Hetzelfde geldt voor lifecycle-oplossingen, die in het nieuwe pensioenstelsel steeds belangrijker worden. Maar ook op dat vlak ligt de expertise veel meer bij verzekeraars en asset managers dan bij pensioenfondsen. Ook daar zijn fiduciair managers hard nodig om pensioenfondsen een rol te laten spelen op deze nieuwe deelmarkten, die door de combinatie van individualisering en een aangepast pensioenstelsel tot wasdom komen. Kortom, ten behoeve van een innovatieve, meer ondernemende pensioensector is het van vitaal belang dat Nederland een professionele, zelfstandige sector van beleggingsdienstverlening behoudt.
Pavlov-reactie
De Pavlov-reactie is dat als een asset manager in de etalage staat, meteen wordt nagedacht over consolidatie en integratie langs horizontale en/of verticale lijnen. Maar tegen de achtergrond van de hervorming van het pensioenstelsel met zijn toenemende complexiteit, is het hoog tijd dat pensioenfondsen en uitvoeringsorganisaties gaan omdenken. Hoe? Door bij de mogelijke verkoop van NN IP de optie van diagonale oplossingen te onderzoeken. In concreto: zou NN IP niet een strategische alliantie kunnen aangaan met één of meerdere pensioenfondsen en/of -uitvoerders, die het steeds meer aan keuzemogelijkheden ontbreekt?
NN IP heeft met dergelijke diagonale allianties al de nodige ervaring opgedaan.

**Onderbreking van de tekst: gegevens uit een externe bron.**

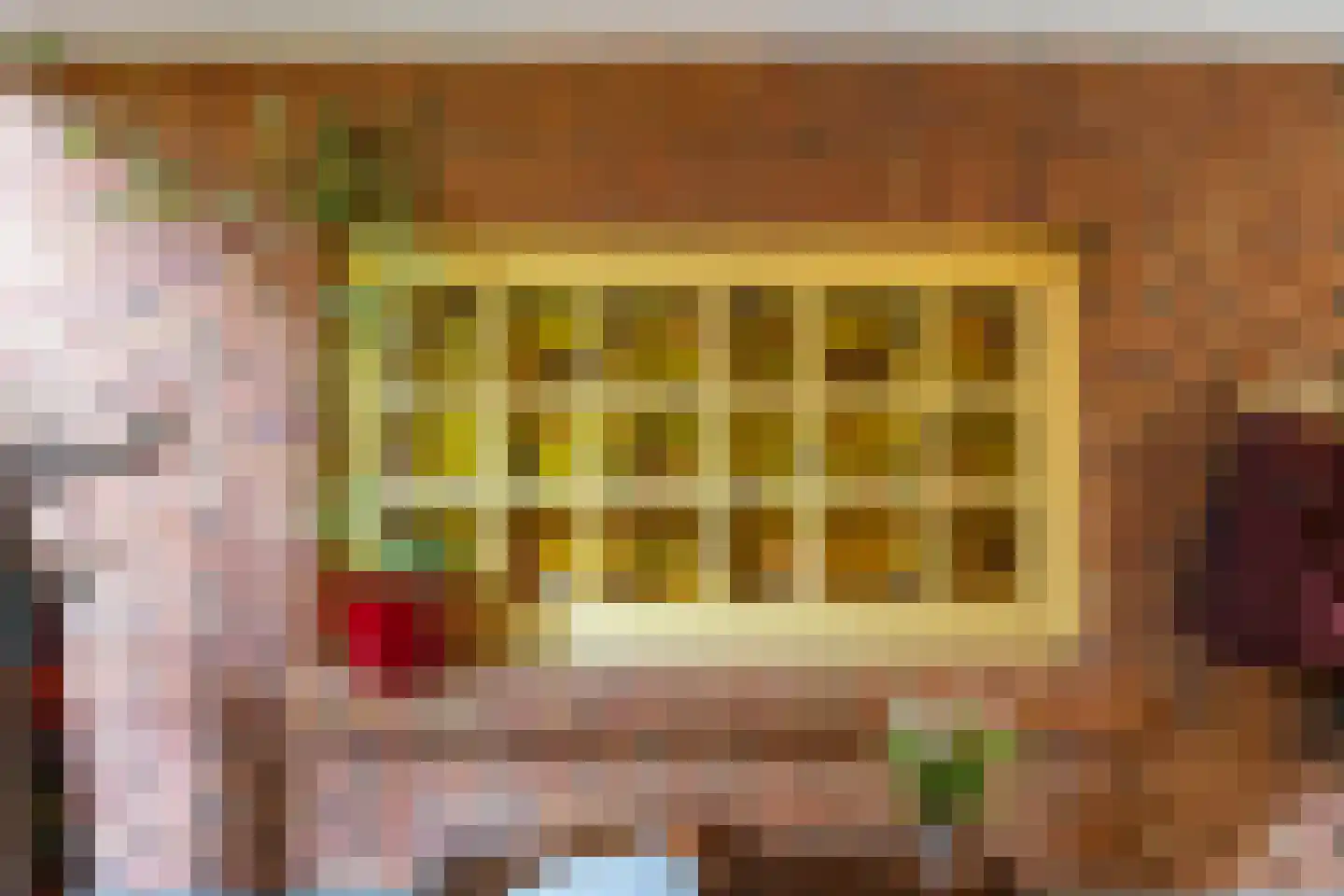 Kerkpad 15 Middelstum thumbnail 30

Zo bouwde de Haagse asset manager met stadsgenoot MN een nieuw gezamenlijk beleggingsteam op voor het beheer van klantvermogen op het vlak van Emerging Market Debt. In dat (naar het zich laat aanzien) geslaagde experiment zou de oplossing verborgen kunnen liggen voor een waarachtige innovatie en versteviging van de pensioensector.
Deze opiniebijdrage van Cees van Lotringen, hoofdredacteur van Fondsnieuws en Investment Officer, is maandag geplaatst op de opiniepagina van het FD.